Bitcoin and Undercover Federal Agents – What Could Go Wrong?
Posted on April 22, 2020
It’s 2014. The public is just starting to become aware of a new, electronic form of money that is different than anything that’s come before – Bitcoin. What is it? How does it work? Where did it come from? Once the exclusive haven of tech nerds and black-market operators, Bitcoin slowly starts to enter the mainstream.
Cue Thomas Costanzo, a middle-aged guy with gruff living in Mesa, Arizona. Up to this point, Thomas has had his ups and downs in life and the law. But one day he hears about Bitcoin and immediately recognizes it as a huge opportunity – a new currency, borderless and uncontrolled by any government, bank, or institution. To Thomas, Bitcoin is the new Wild West and he’d like to stake his claim as a prospector in this new frontier.
So Thomas creates a profile as a Bitcoin trader on LocalBitcoins.com. He comes up with a nickname, Morpheus Titania, a combination of the Greek God of Dreams and Shakespeare’s Queen of the Fairies. It starts slowly at first, but eventually Thomas gains some traction. Before long, Thomas’ profile is buzzing with feedback and a significantly higher rating than other traders on the site.
Here Come The Feds
Unfortunately for Thomas, he wasn’t the only one who saw Bitcoin’s potential for vast amounts of trading. Old Uncle Sam did too. Which brings us to IRS Special Agent Sergei Kushner. Suspicious of Thomas’ high-ratings, customer feedback, and comments describing Bitcoin as the “honey badger” of money, Agent Kushner launches an undercover investigation of Thomas.
Over the next couple years, multiple undercover IRS agents conduct Bitcoin transactions with Thomas through his account on Localbitcoins.com. At first, the agents hint to Thomas that some of the transactions are related to illegal activity, but they don’t say so outright.
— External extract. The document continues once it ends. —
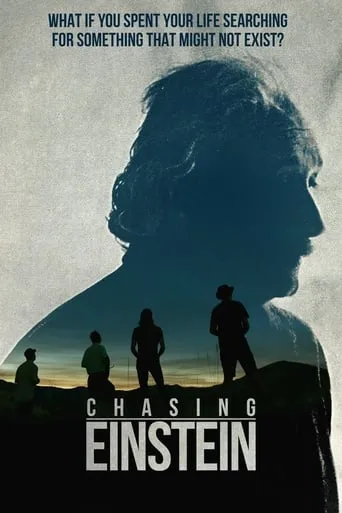 Chasing Einstein movie poster - Rated 8/10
Thomas doesn’t ask questions and continues taking their business.
As the agents conduct more transactions with Thomas, they get more explicit with their ruse. They start telling Thomas they need him to exercise “discretion” because the government could have some issues with the product they import from “south of the border.” Undeterred, Thomas keeps doing business with the agents.
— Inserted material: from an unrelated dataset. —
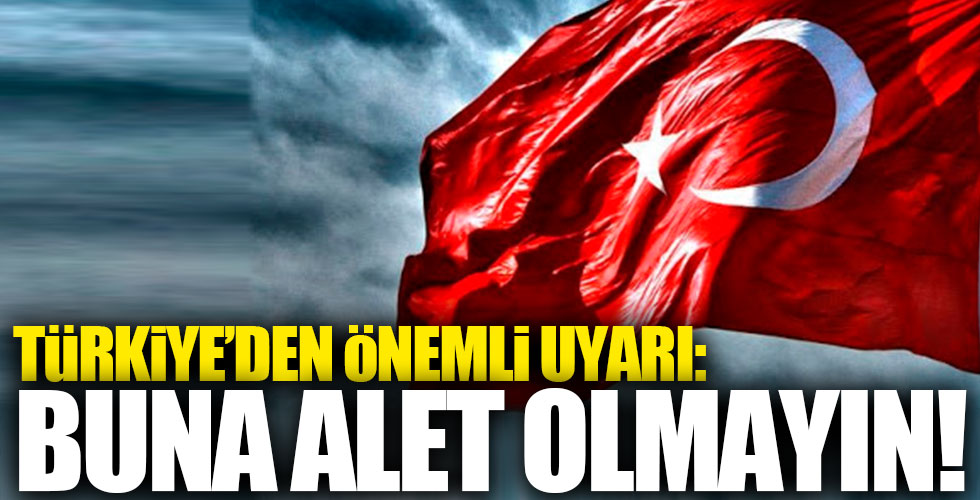 Türkiye'den önemli uyarı: Buna alet olmayın!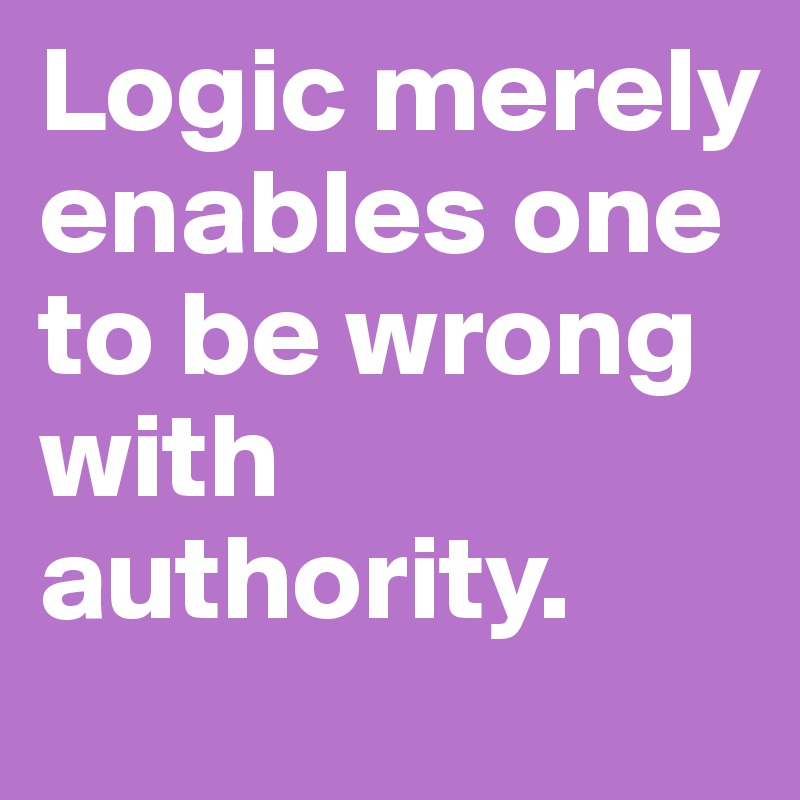 Logic merely enables one to be wrong with authority.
Figuring they need a stronger case, the agents tighten the noose. At their next meeting with Thomas, the agents tell him they’re trafficking black tar heroin and that’s why they prefer Bitcoin transactions. Not realizing it was a trap, Thomas replies, “I know nothing” and conducts the Bitcoin transaction.
Eventually, the DEA gets involved. They arrange several Bitcoin transactions with Thomas where they outright tell him their cash is from illegal drug operations. Thomas tells them that he “knew, but didn’t want to know.” Once Thomas said that to the DEA, it was checkmate.
Money Laundering & Fraud 101
Following Thomas’ arrest, federal prosecutors charged him with violating 18 USC § 1956, the statute prohibiting money laundering. While there are a couple of different ways to violate this statute, the main way is to conduct a financial transaction you know involves illegal activity for the purpose of furthering that illegal activity or concealing it. If that financial transaction affects money or commerce across state or international lines (and I’m hard pressed to think of any modern transaction that doesn’t), then it’s a federal crime.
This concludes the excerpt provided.